The Hero I Need
Page 33
Guess it’s just different knowing it’s a blue-eyed angel with sinful wine lips and a body I’d like to turn my inner Viking loose on.
Damn.
Yeah, it’s different, and I’m an idiot for letting it be.
Knowing my daughters have already made friends with the tiger thief doesn’t sit well.
In fact, it’s pretty damn disconcerting.
Unleashing a slow sigh, I brace for the avalanche of shit pouring through my head.
The girls were so young when Brittany died.
They don’t remember how her illness stole her memories, her mind, her soul...
They don’t remember how she didn’t know who they were, how the disease took that from her, or how she didn’t know who I was, either.
The disease obliterated our love.
Neurological conditions are no fucking joke. Hers hollowed her out, left her little more than a brittle shell of a person when she finally passed.
I say finally because it was a long, grueling road for her.
For us.
A road lined with hell and the sickest emotional torture known to man.
It left me alone with a husk of the woman I pledged my life to—every last bit of her gone—devoured from the inside out by an invisible demon no one in their right minds would ever summon.
She barely weighed ninety pounds when she died. Hadn’t been able to eat for weeks.
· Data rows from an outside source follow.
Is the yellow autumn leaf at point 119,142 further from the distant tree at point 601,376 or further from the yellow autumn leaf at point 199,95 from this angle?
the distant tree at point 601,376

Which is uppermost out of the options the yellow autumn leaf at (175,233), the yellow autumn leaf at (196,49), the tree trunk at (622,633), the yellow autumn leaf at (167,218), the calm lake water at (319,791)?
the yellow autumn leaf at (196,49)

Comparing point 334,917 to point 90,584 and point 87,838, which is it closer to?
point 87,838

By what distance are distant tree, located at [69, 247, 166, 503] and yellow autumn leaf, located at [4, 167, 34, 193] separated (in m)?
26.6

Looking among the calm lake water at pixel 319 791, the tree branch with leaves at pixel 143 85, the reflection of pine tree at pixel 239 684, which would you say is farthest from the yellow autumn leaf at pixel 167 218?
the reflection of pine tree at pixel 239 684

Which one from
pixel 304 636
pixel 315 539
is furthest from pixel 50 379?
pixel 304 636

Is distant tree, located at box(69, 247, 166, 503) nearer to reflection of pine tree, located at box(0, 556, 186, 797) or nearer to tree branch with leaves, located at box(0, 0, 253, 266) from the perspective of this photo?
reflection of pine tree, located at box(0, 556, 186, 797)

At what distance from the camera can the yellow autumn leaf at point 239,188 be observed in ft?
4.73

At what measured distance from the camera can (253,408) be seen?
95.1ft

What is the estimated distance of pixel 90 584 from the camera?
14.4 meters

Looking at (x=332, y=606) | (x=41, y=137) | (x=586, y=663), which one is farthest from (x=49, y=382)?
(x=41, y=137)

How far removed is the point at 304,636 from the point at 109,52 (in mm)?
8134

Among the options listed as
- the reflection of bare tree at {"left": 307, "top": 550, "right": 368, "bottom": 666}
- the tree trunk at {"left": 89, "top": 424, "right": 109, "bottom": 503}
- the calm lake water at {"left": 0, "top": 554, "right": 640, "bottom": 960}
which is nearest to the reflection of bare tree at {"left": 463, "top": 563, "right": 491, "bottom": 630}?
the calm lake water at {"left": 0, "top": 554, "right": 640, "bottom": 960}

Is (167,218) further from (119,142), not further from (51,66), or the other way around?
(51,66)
Her body couldn’t function in so many ways.
In hindsight, I blame myself for keeping her alive longer.
I was the jackass who insisted on the feeding tube, still praying for a miracle, not fucking ready to lose her.
If I hadn’t been so selfish, if I’d just let her go, she might have died with an ounce of dignity.
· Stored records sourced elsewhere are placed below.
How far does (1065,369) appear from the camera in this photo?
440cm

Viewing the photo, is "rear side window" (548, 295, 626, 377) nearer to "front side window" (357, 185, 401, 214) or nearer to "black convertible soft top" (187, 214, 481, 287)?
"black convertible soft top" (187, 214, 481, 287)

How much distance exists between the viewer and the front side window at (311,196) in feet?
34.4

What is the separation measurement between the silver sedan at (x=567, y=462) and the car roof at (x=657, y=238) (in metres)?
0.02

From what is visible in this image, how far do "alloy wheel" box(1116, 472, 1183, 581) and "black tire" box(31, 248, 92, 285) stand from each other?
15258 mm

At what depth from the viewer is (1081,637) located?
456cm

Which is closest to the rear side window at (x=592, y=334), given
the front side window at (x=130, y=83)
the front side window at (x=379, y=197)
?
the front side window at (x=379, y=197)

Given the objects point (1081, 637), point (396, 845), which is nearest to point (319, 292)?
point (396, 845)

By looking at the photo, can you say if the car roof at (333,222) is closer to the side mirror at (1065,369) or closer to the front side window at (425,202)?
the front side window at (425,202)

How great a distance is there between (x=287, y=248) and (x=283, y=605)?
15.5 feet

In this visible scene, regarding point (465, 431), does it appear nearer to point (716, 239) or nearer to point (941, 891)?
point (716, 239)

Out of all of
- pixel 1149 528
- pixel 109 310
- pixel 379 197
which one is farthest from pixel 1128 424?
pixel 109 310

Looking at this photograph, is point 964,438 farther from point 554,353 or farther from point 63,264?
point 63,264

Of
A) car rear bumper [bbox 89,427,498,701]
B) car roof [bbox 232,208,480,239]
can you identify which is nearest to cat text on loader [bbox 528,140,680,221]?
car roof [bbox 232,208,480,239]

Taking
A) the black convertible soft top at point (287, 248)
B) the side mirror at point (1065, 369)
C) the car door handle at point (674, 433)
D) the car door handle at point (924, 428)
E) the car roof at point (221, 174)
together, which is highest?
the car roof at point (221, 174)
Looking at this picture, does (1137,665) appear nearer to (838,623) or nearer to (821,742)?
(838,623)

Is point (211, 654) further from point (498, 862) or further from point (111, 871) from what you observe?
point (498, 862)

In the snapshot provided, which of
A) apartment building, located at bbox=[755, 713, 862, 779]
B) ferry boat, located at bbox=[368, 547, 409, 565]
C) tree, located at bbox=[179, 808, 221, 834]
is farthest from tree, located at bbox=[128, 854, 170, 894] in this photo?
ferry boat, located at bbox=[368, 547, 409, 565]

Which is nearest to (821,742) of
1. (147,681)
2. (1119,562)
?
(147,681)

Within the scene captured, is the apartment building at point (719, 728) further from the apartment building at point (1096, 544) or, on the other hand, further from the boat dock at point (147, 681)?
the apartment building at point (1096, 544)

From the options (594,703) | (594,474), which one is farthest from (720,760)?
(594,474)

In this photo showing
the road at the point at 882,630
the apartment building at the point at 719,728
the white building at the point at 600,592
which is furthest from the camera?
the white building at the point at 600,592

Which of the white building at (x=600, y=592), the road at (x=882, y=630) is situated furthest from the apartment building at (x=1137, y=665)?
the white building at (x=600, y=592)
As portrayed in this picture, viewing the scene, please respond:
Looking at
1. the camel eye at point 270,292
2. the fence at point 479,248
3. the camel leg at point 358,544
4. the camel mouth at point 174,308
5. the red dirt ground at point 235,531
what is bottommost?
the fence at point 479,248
Instead, thanks to me, she’d withered until there was nothing.
I’ve saved dozens of lives overseas, faced down foreign enemies in Iraq and domestic criminals back home, and survived a slug in my shoulder that nearly killed me on a sweltering street in Baghdad.
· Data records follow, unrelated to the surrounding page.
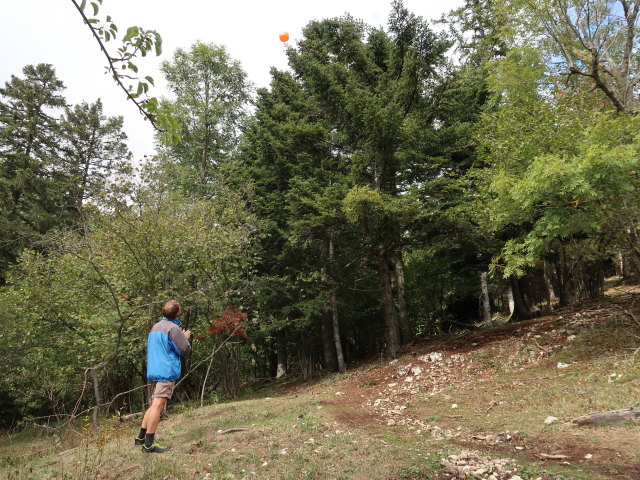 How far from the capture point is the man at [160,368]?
4.28 metres

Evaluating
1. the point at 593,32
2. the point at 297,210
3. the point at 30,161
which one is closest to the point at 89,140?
the point at 30,161

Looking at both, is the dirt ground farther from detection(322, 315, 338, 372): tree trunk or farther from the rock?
detection(322, 315, 338, 372): tree trunk

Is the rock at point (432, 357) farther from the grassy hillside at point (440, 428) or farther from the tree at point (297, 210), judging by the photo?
the tree at point (297, 210)

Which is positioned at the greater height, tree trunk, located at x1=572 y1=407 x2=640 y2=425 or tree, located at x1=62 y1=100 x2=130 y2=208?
tree, located at x1=62 y1=100 x2=130 y2=208

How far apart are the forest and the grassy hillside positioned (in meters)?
1.49

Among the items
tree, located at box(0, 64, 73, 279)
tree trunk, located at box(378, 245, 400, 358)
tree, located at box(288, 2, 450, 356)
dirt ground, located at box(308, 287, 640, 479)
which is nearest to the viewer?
dirt ground, located at box(308, 287, 640, 479)

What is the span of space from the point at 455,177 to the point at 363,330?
9.36 metres

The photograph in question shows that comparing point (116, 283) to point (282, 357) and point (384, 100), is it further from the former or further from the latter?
point (282, 357)

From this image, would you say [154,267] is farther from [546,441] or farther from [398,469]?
[546,441]

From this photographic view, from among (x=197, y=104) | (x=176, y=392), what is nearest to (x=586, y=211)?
(x=176, y=392)

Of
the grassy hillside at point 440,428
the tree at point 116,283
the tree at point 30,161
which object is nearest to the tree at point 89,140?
the tree at point 30,161

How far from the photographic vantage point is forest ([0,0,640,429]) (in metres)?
7.95

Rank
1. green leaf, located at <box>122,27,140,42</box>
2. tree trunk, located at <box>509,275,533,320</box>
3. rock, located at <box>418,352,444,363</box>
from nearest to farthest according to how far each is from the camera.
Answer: green leaf, located at <box>122,27,140,42</box> → rock, located at <box>418,352,444,363</box> → tree trunk, located at <box>509,275,533,320</box>

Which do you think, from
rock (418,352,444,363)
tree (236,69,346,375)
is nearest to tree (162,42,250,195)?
tree (236,69,346,375) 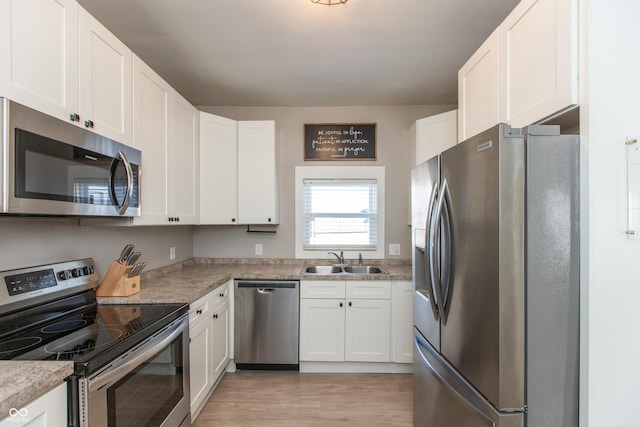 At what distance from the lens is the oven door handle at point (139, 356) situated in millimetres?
1076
I got used to hearing the word miracle in the service more times than I can count. I started to believe in them and that’s what set me up for a fall.
But the one thing I couldn’t survive, couldn’t accomplish, was save my wife.
Brittany hadn’t gotten out of bed for over two months before the end came.
The memories still break my heart all over again like a jackhammer.
She was so alive, once upon a time.
So charming and beautiful and fun.
The day she stepped out of the bathroom screaming with the positive pregnancy test in her hand, waving her arms, she’d leaped on the bed and jumped up and down like a five-year-old.
We did it!
We made ourselves a baby, times two.
Two endlessly gorgeous, talented, whip-smart little girls.
I think the smile I wore after I heard the news lasted for months.
Several years later, she didn’t even know who Sawyer and Avery were.
Didn’t remember how she’d changed her mind a hundred times before choosing those two names, because they had to be a thousand percent perfect.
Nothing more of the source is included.